Müller sprach bei einem Kongress der GAL-Bürgerschaftsfraktion, auf dem ausgeleuchtet werden sollte, wie die Metropolregion zu einem Silicon Valley der Erneuerbaren Energien und der effizienten Energienutzung werden könnte. „Wir haben in Schleswig-Holstein zeigen können, wie das gehen kann“, behauptete Müller. 30 Prozent des Strombedarfs deckt sein Bundesland inzwischen aus erneuerbaren Quellen. Ende 2010 sollen es 50 Prozent sein. 17 Prozent des Bedarfs könne mit Bioenergie gedeckt werden, was dem Land den Import von drei Millionen Tonnen Rohöl im Jahr erspare. Weiterer Vorteil: Das Geld bleibt im Land, Handwerker und Mittelständler finden Arbeit.

Zwar kann Hamburg nicht zur Biomasse-Produktion übergehen oder Windparks bauen, Stadt und Region könnten jedoch die Technik und das Know-how für die Energiewende liefern, findet die GAL. „Wir wollen die Metropolregion Hamburg gemeinsam mit den Nachbarländern zum nordeuropäischen Kompetenzzentrum für Erneuerbare Energien ausbauen“, sagt der Bürgerschaftsabgeordnete Christian Maaß. Bereits heute leisteten viele Unternehmen und Forschungseinrichtungen in der Stadt Pionierarbeit auf diesem Gebiet.

Hier sitzen die Marktführer für Solarenergie, am Hamburgischen Welt-Wirtschafts-Institut wird am Emissionshandel getüftelt, und in Schleswig-Holstein arbeiten 10.000 Leute für die Windenergie. Um mit diesen Pfunden zu wuchern, schlägt die GAL eine Landesinitiative Neue Energie vor, deren Trägerin eine Hamburger Energie-Agentur im Besitz der Stadt sein soll. Deren Aufgabe wäre es, alle, die mit dem Thema befasst sind, zu vernetzen und Informationsfluss zu gewährleisten. Weil sie bis auf weiteres in der Opposition sitzt, schlägt die GAL vor, sofort einen „Förderverein Neue Energie für Hamburg“ zu gründen, der die gleiche Funktion erfüllen soll.

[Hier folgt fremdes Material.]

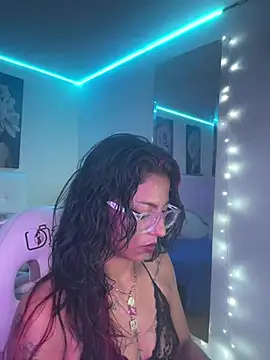 SamathaMay stripchat live cam model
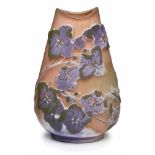 Kl. Solifleur-Vase, Gallé um 1904. Farbloses Glas, innen rosé, außen weiß/ violett/ grün überfangen.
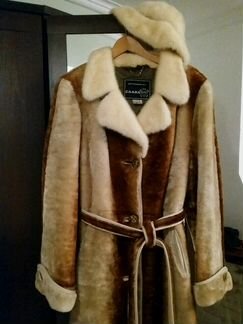 Шуба мутоновая с норковым воротником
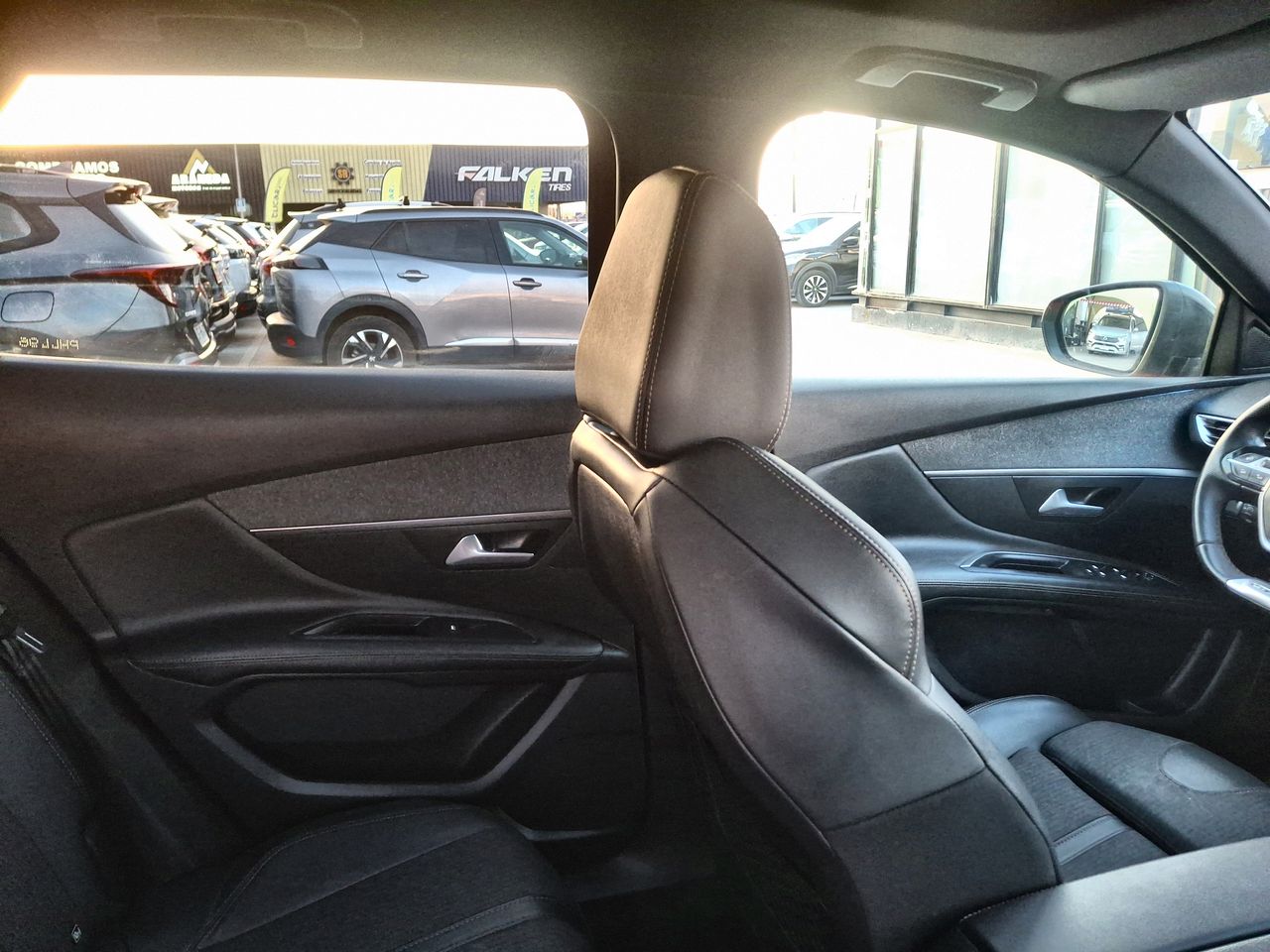 Peugeot 3008 — foto 16 de 31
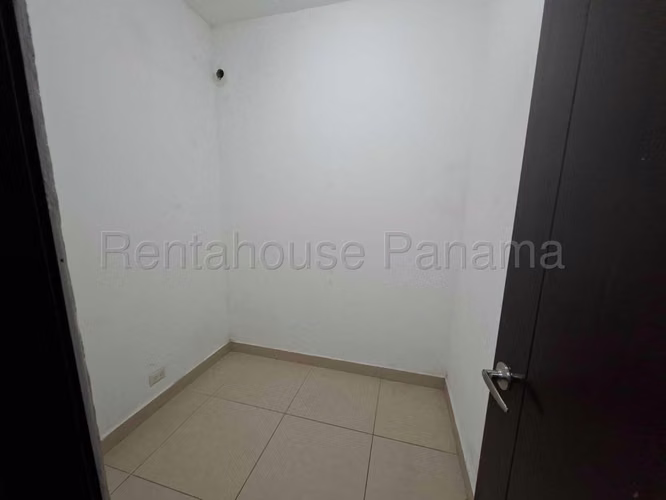 Vendo Apartamento en Avenida Balboa LC26-8319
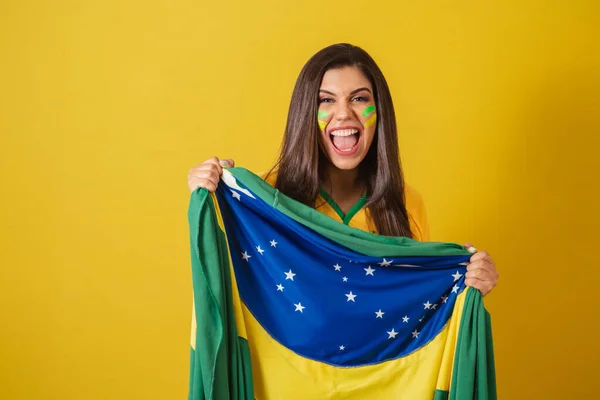 ブラジルの女性サポーター 2022年ワールドカップ サッカー選手権 優勝を振って旗を保持 — ストック写真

„Die Erneuerbaren Energien sind eine Zukunftsbranche mit enormen Potenzialen“, sagt der GAL-Wirtschaftsexperte Jens Kerstan. „Hamburg hat alle Voraussetzungen, um hier in der ersten Liga mitzuspielen – vorausgesetzt, diese Chance wird von der Politik nicht verschlafen.“ Die Entwicklung der Wasserstofftechnologie zu fördern, wie es der CDU-Senat tut, sei zwar eine gute Sache. Im Gegensatz zur Windenergie, der Biomasse oder der Sonnenenergie brauche sie jedoch noch zehn bis 15 Jahre bis zur Marktreife.

Nach dem Neunpunkteplan der GAL soll das Thema Erneuerbare Energien zum Schwerpunkt bei der Forschungspolitik werden. Die Stadt müsse sich klimapolitische Leitlinien geben und einen Aktionsplan für energieeffizientes Bauen und Sanieren auflegen. Ein Technologiepark soll Innovationen fördern, die Ausbildung müsse verbessert und der Bau von Bürgerkraftwerken solle unterstützt werden.